Hormone therapy deprives cancer cells of the female hormone estrogen, which some breast cancer cells need to grow. For many women, hormone therapy is treatment with the drug tamoxifen, or, for postmenopausal women, an aromatase inhibitor, such as anastrozole (Arimidex) and letrozole (Femara). Some premenopausal patients may have surgery to remove their ovaries, which are a woman's main source of estrogen. Or they may be treated with a medication to reduce ovarian function. Like anticancer drugs, tamoxifen and the aromatase inhibitors are taken once a day by pill and are absorbed into the bloodstream. Most women take hormone therapy for five years. Two studies confirmed benefits for breast cancer patients taking adjuvant tamoxifen for five years, but saw no added benefit and noted potentially negative effects for patients taking tamoxifen longer than five years.

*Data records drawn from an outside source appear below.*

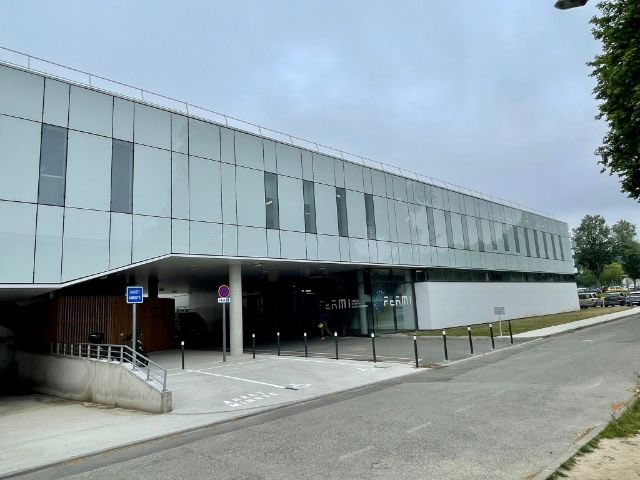 Béjean Sophie (@sophiebejean) on Twitter photo Inauguration avec <a href="/jeanmarcBroto/">Jean Marc Broto</a> du bâtiment RPHY dédié à la recherche fondamentale en physique quantique à l’<a href="/UT3PaulSabatier/">UT3 Paul Sabatier</a> : un atout pour l’excellence du site toulousain grâce à l’investissement majeur de l’Etat dans le cadre de l’Opération Campus portée par l’<a href="/Univ_Toulouse/">Université de Toulouse</a> Inauguration avec <a href="/jeanmarcBroto/">Jean Marc Broto</a> du bâtiment RPHY dédié à la recherche fondamentale en physique quantique à l’<a href="/UT3PaulSabatier/">UT3 Paul Sabatier</a> : un atout pour l’excellence du site toulousain grâce à l’investissement majeur de l’Etat dans le cadre de l’Opération Campus portée par l’<a href="/Univ_Toulouse/">Université de Toulouse</a>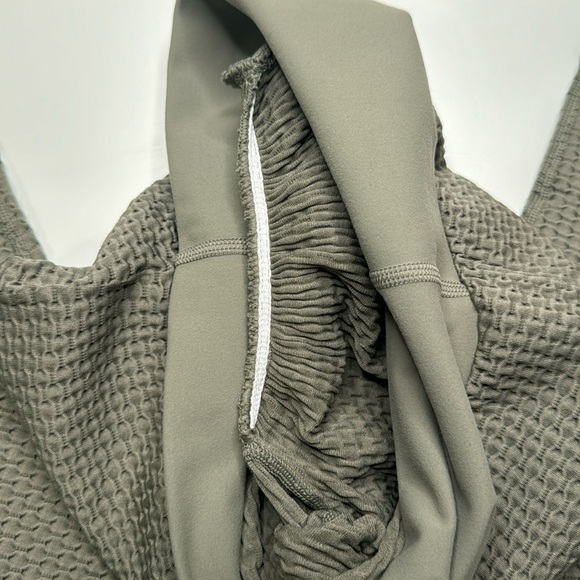 Ryderwear Honeycomb scrunch seamless leggings - Picture 7 of 9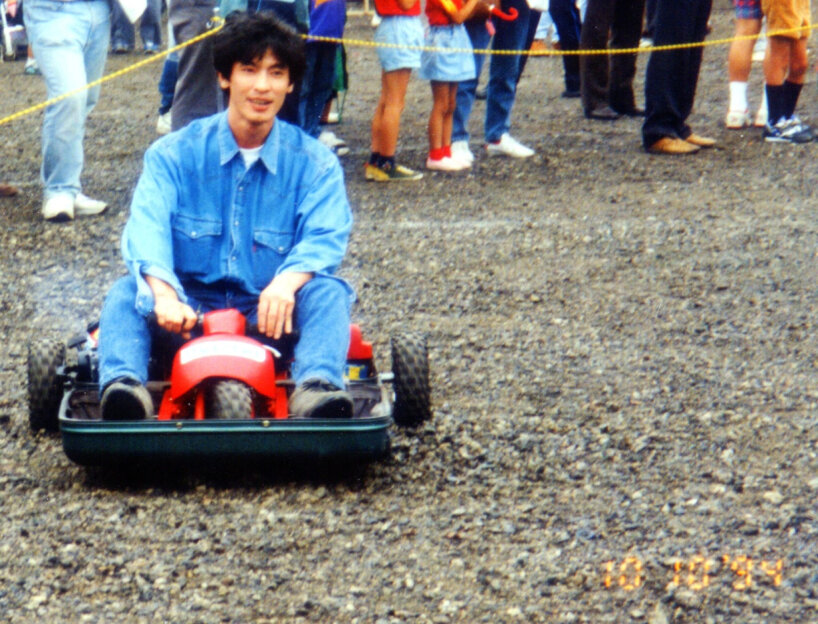 mazda suitcase car portable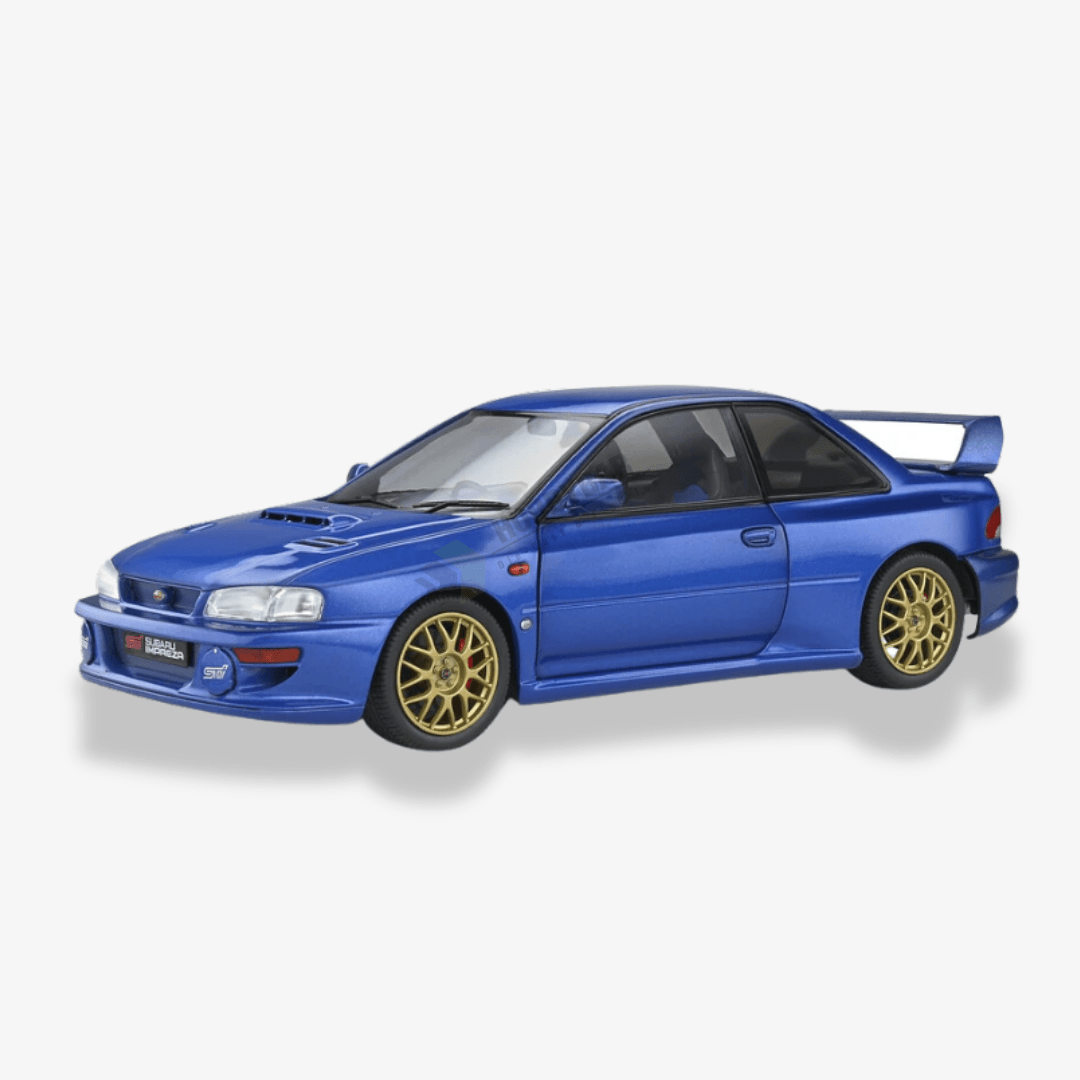 1998 Subaru Impreza 22B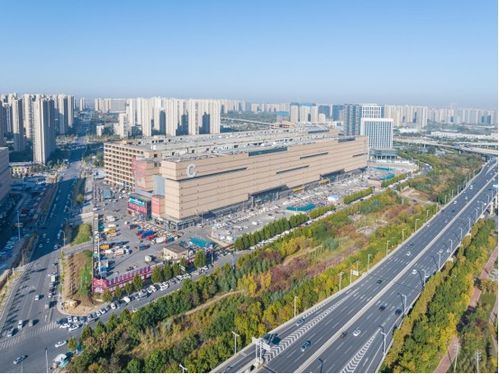 培育千家食品大佬 揭秘中部酒水食品商贸之城的星辰之路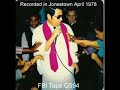Jonestown Tape Q594 Part 2 of 3 Jonestown Tape Q594 Part 2 of 3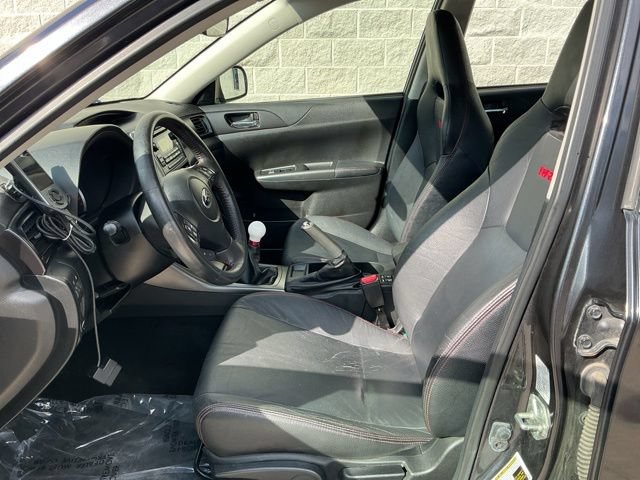 Used 2011 Subaru Impreza WRX Hatchback AWD/4WD image 13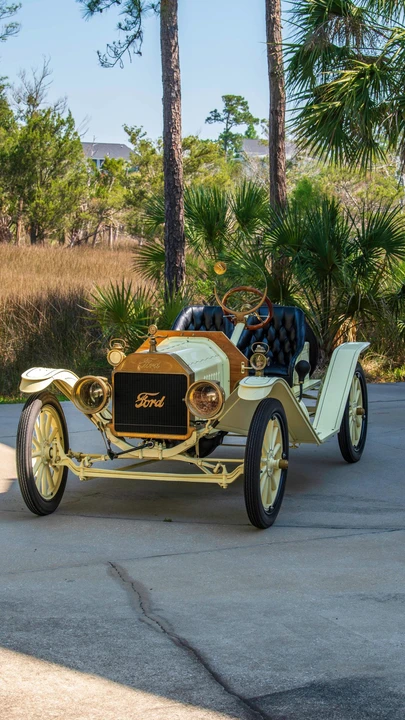 1916 Ford Model T - Image 3 of 31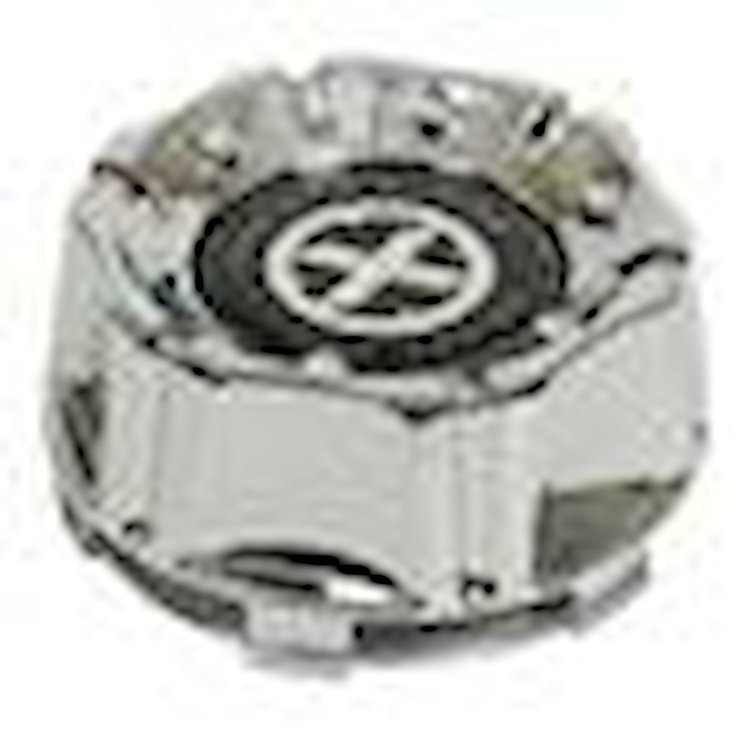 ATX SNAP ON CAP CHROME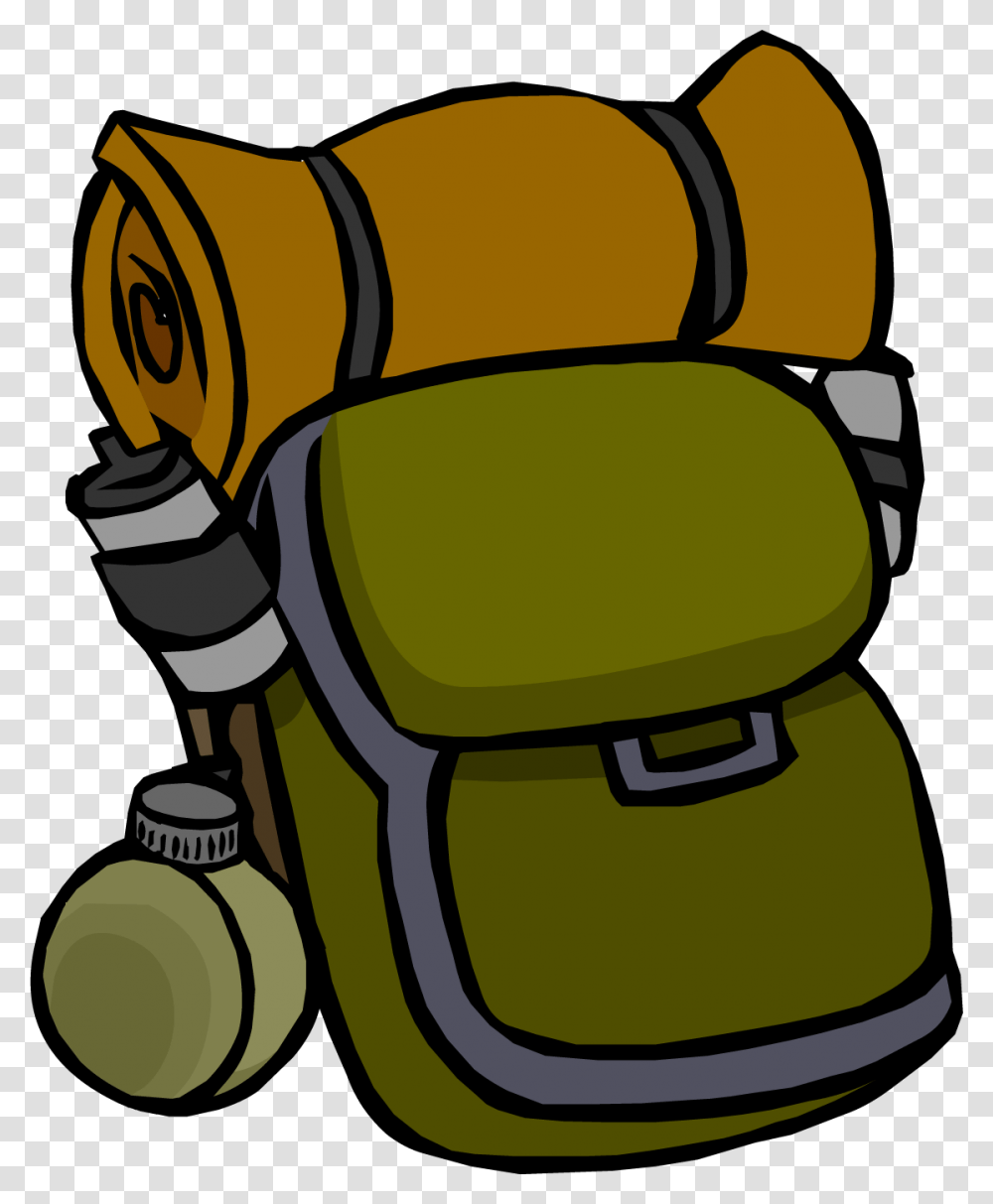 Image, Backpack, Bag, Soccer Ball, Football Transparent Png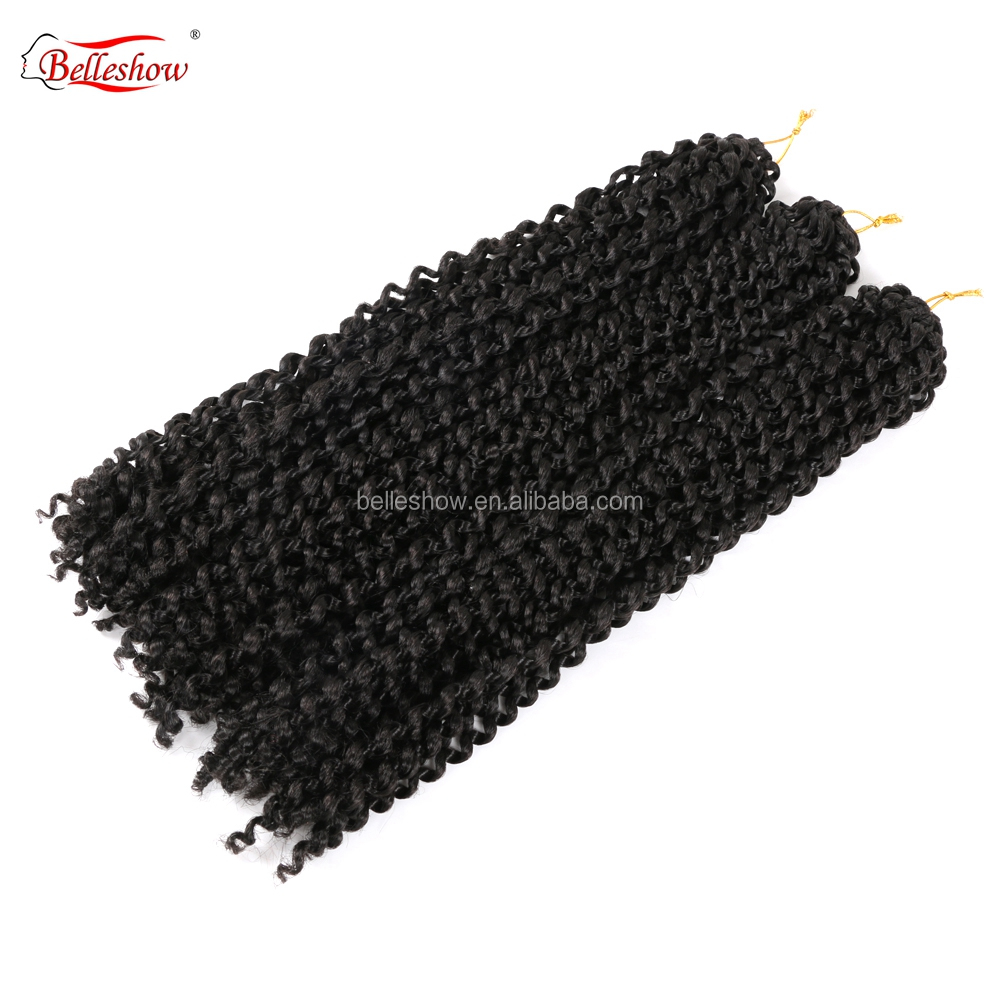 Hot sell Natural Spring Twist Braiding Fluffy Hair Passion Twist Hair red passion twist hair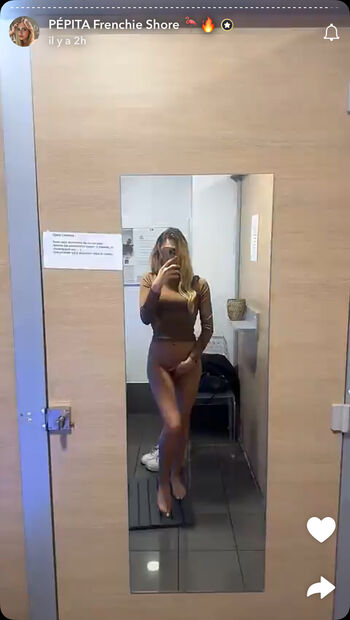Full leaked Pepita frenchie shore private onlyfans photo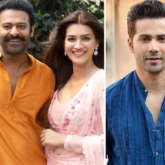 Are Kriti Sanon and Prabhas dating? Varun Dhawan confirms Adipurush stars’ relationship INDIRECTLY, watch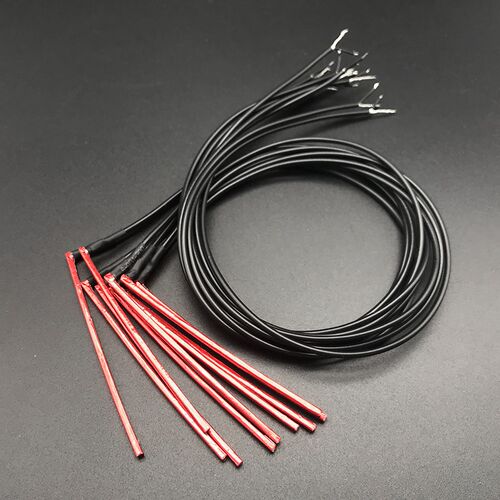 10Pcs 4 String kulele Equalizer Red Pickup Piezo K Soprano T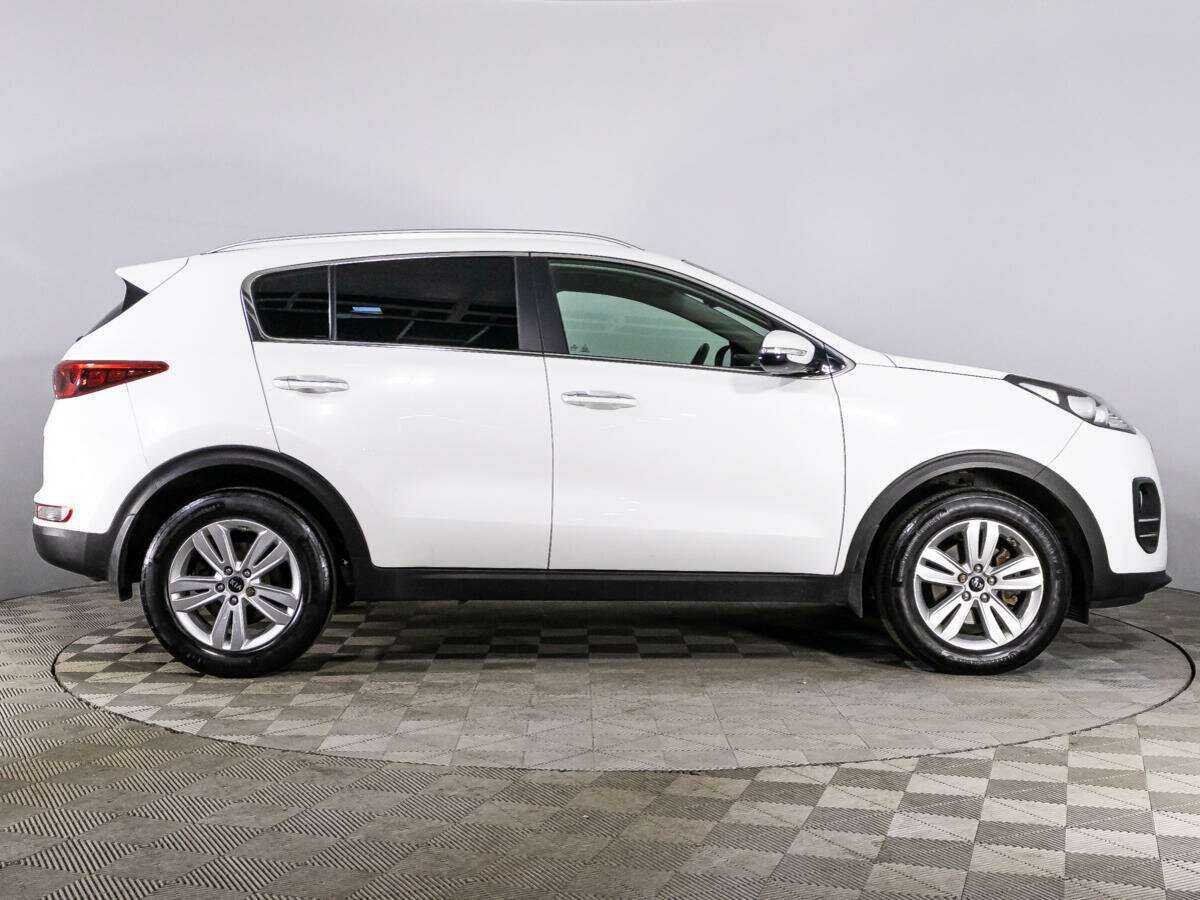 Купить Kia Sportage, 2018, 70 110 км, фото №4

Breast implants (artificial cushions that are filled with a soft, breast-like substance - usually saline [salt water] or gel) have been used extensively for breast reconstruction. Breast implants are not placed under the skin, but rather are inserted under the pectoral (chest) muscle in a surgically-made pouch. Sometimes the chest muscle must be pre-stretched by a temporary device before placement of the permanent implant.
The major advantage of using an implant is that it can be inserted easily and quickly. The disadvantages are the continual risk of implant failure in the form of infection, rupture, breakdown, capsular contraction (tissue hardening around an implant), and the need for tissue pre-stretching. The lifespan of implants beyond 10 to 20 years is still unknown, as is the relationship - if any - to autoimmune disease. For these reasons, the use of the woman's own tissue has become the method of choice for breast reconstruction. Specifically, surgeons have begun to use skin and fat from elsewhere in the woman's body (e.g., the abdomen) to create a more natural-looking breast.